**RECORDS PROVIDED**
┄┄┄┄┄┄┄┄┄┄

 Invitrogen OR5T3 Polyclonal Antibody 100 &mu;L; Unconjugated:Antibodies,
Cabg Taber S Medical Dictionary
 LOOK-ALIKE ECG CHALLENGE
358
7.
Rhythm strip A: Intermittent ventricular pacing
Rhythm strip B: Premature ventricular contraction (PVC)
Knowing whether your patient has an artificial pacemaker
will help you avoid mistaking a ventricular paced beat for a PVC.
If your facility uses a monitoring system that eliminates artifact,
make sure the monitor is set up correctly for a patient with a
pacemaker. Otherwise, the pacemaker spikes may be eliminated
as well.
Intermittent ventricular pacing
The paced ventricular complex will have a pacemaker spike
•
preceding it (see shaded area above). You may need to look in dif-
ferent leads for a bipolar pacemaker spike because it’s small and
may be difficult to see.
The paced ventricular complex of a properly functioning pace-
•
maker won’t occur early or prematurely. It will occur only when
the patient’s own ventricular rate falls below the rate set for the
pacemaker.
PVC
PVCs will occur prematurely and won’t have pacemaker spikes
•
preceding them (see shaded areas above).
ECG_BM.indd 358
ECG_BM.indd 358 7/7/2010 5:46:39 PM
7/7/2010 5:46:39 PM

┄┄┄┄┄┄┄┄┄┄

Reproduce only the lines running from the one that contains "ferent leads for" to the last line of the records.

**FINAL ANSWER**
ferent leads for a bipolar pacemaker spike because it’s small and
may be difficult to see.
The paced ventricular complex of a properly functioning pace-
•
maker won’t occur early or prematurely. It will occur only when
the patient’s own ventricular rate falls below the rate set for the
pacemaker.
PVC
PVCs will occur prematurely and won’t have pacemaker spikes
•
preceding them (see shaded areas above).
ECG_BM.indd 358
ECG_BM.indd 358 7/7/2010 5:46:39 PM
7/7/2010 5:46:39 PM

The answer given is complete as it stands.